Nothing but the lines from the one containing "view of front" through the last line of the records below should be copied, exactly and without pictures.

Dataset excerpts

....

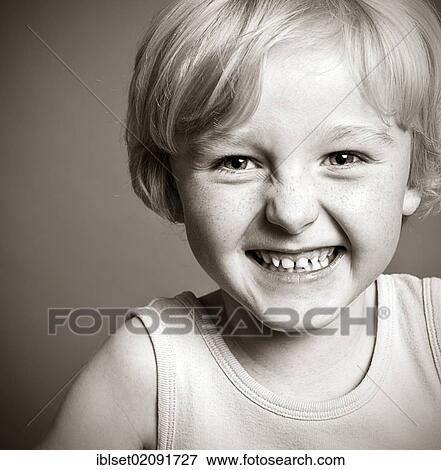 Stock Photo - "Five-year-old boy, smiling, portrait, black and white". Fotosearch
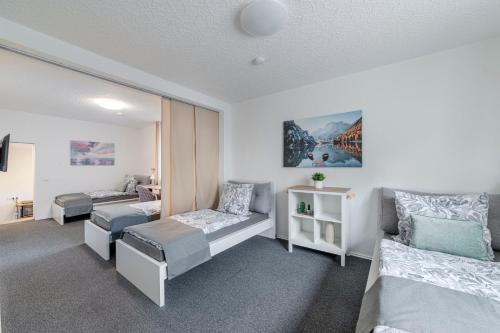 a bedroom with two beds and a couch at Jans 4 Personen Work Apartment mit Küche P WLAN Code NRW Veltins Arena in Herten
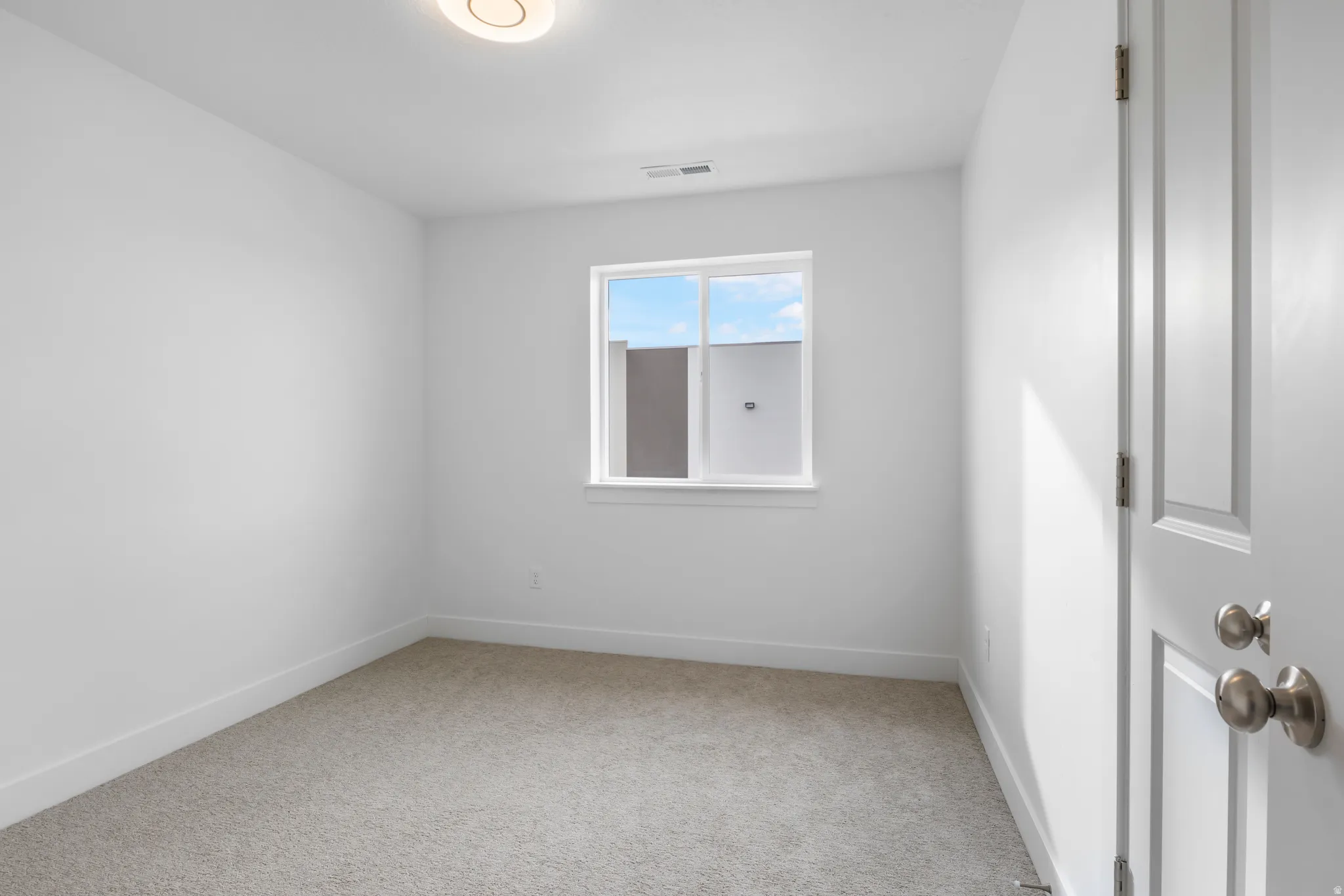 Empty room with light colored carpet and baseboards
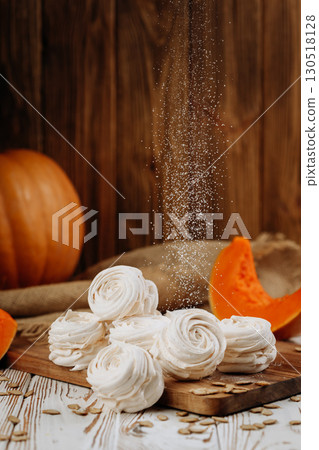 Pumpkin marshmallow sweets with powdered sugar falling, rustic autumn wooden background 130518128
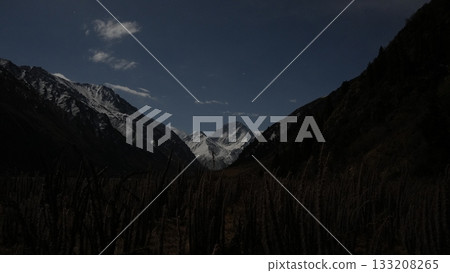 Majestic mountain landscape under moonlight with dark valley foreground Majestic mountain landscape under moonlight with dark valley foreground 133208265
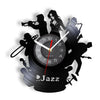 A black wall clock shaped like a vinyl record featuring silhouettes of jazz musicians and a clock face.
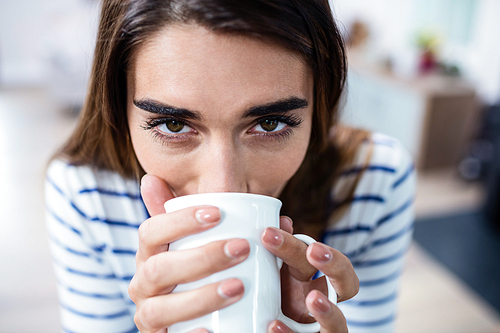 Portrait of young woman drinking coffee at home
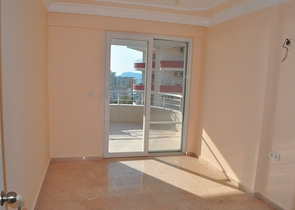 Пентхаус с четырьмя спальными комнатами в Махмутларе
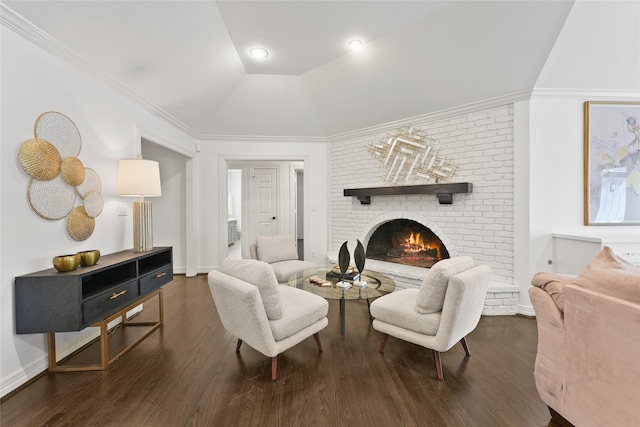 living room featuring wood finished floors, a brick fireplace, lofted ceiling, and baseboards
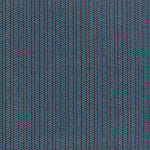 Wallpaper panel in a painterly herringbone print in turquoise and pink on a navy field.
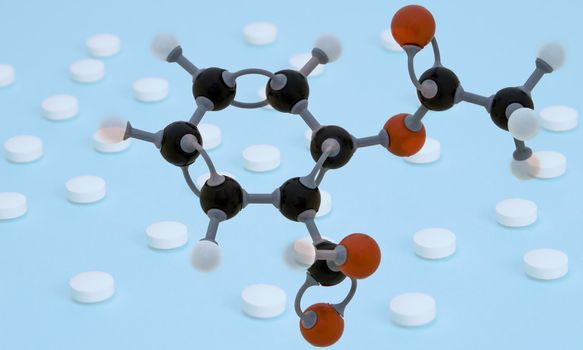 Spatial molecular structure of Aspirin (acetylsalicylic acid) blending with a background made of a lot of aspirin pills. 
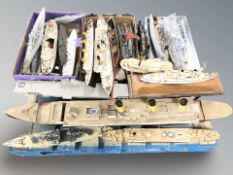 A quantity of partially built model boat hulls including warships, passenger ships, etc.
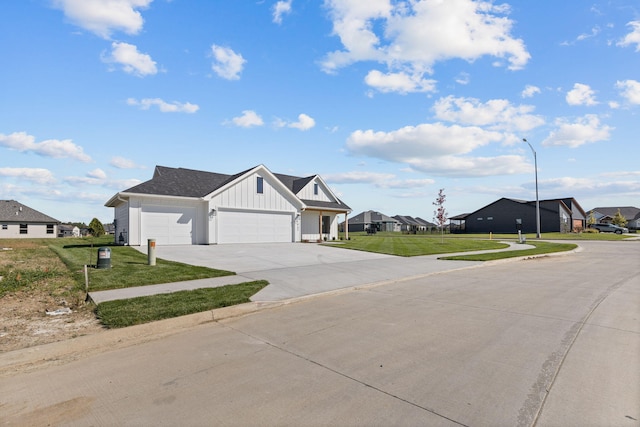 view of front of house with a front yard, concrete driveway, an attached garage, board and batten siding, and a residential view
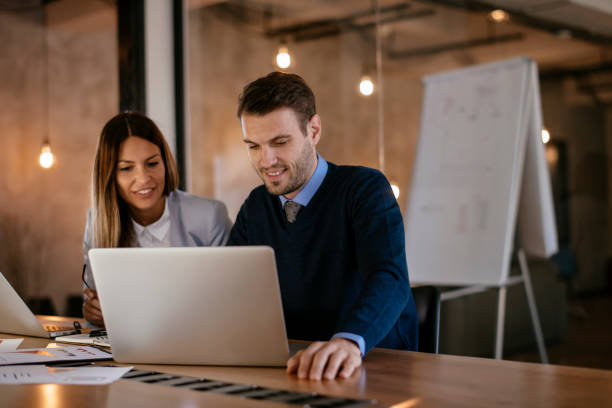 istock Young colleagues sitting together and working in the office 1093941626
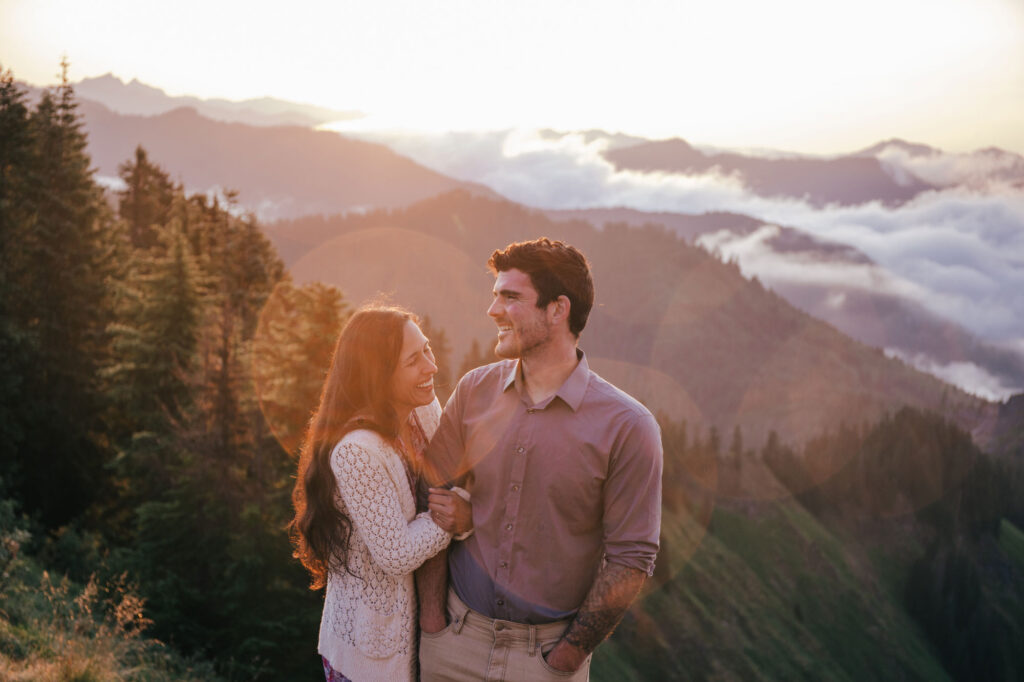 A husband and wife stand next to one another with their arms entwined. They are standing at the top of a summit outside of Seattle Washington. The are both smiling. The sun is rising, and backlighting the photos. There is a sunflare around the couple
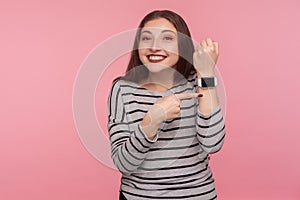 Hurry up! Portrait of positive woman in striped sweatshirt pointing smartwatch on her wrist and looking at camera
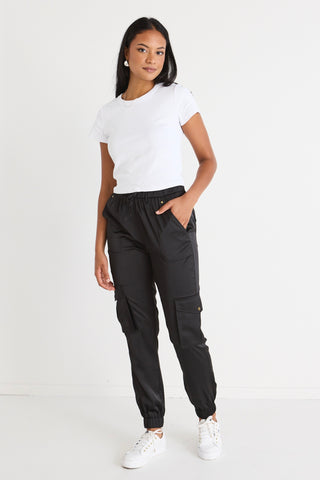model wears black cargo joggers with a white tee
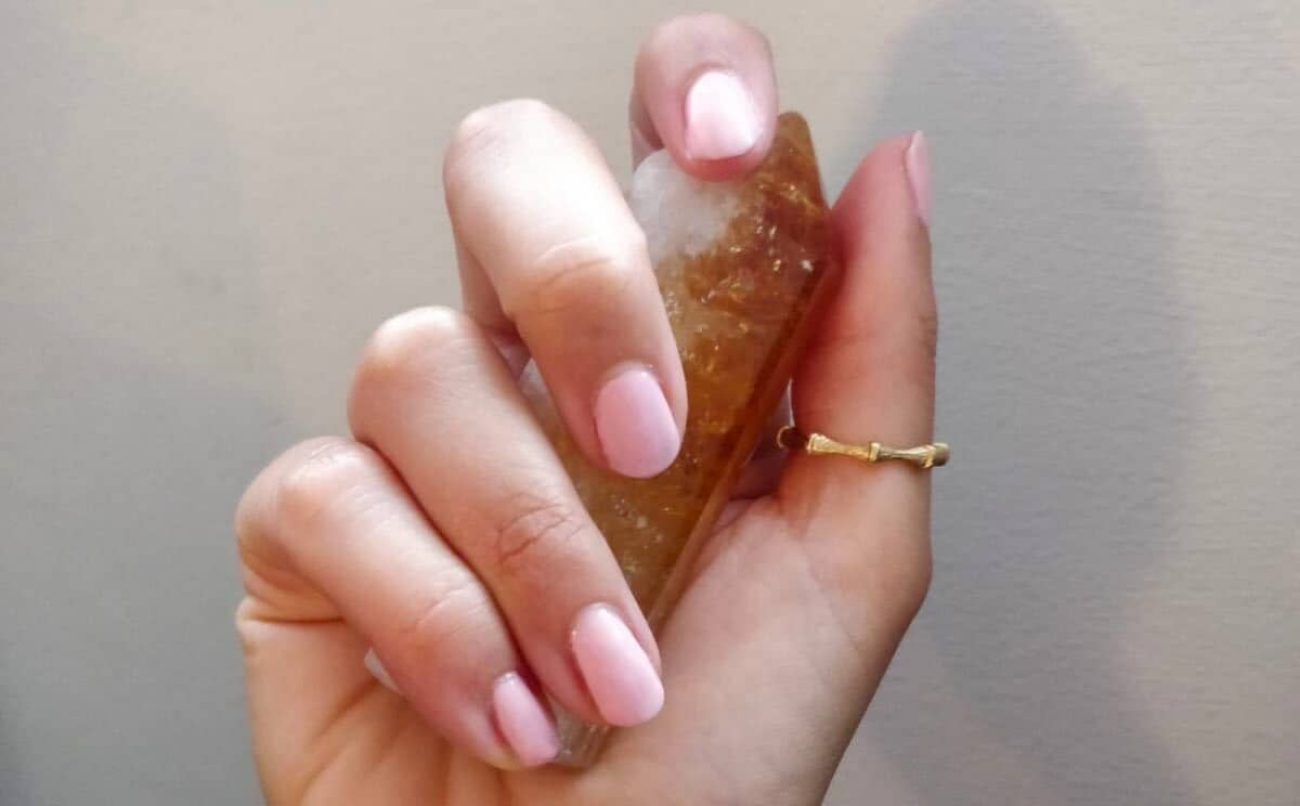 hand holding Citrine wearing gold thumb ring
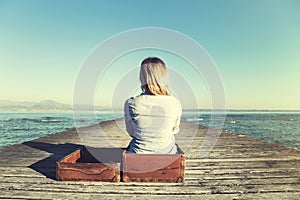 Relaxed woman sitting in her big suitcase after a long journey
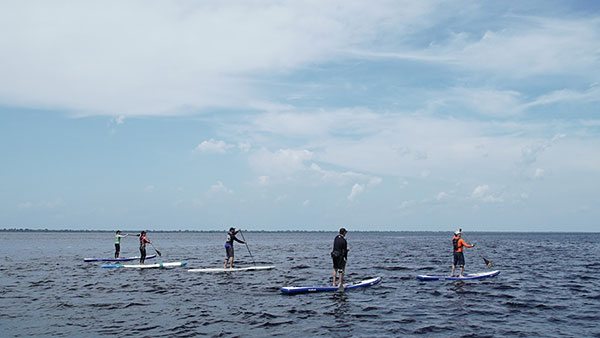 Foto do horizonte, com o Rio Negro na parte de baixo e cinco pessoas praticando standup paddle.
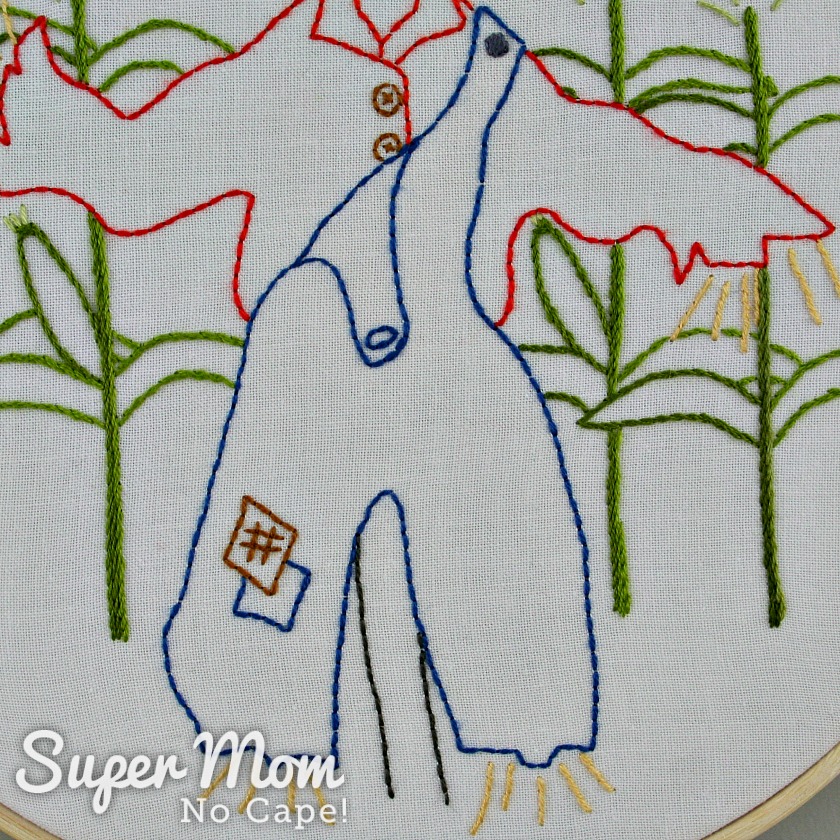 Blue overalls with patches embroidered for Strawbyn Scarecrow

....

[Result of the task]
 view of front of house with a front yard, concrete driveway, an attached garage, board and batten siding, and a residential view
 istock Young colleagues sitting together and working in the office 1093941626
 A husband and wife stand next to one another with their arms entwined. They are standing at the top of a summit outside of Seattle Washington. The are both smiling. The sun is rising, and backlighting the photos. There is a sunflare around the couple
 Hurry up! Portrait of positive woman in striped sweatshirt pointing smartwatch on her wrist and looking at camera
model wears black cargo joggers with a white tee
 hand holding Citrine wearing gold thumb ring
 Relaxed woman sitting in her big suitcase after a long journey
 Foto do horizonte, com o Rio Negro na parte de baixo e cinco pessoas praticando standup paddle.
 Blue overalls with patches embroidered for Strawbyn Scarecrow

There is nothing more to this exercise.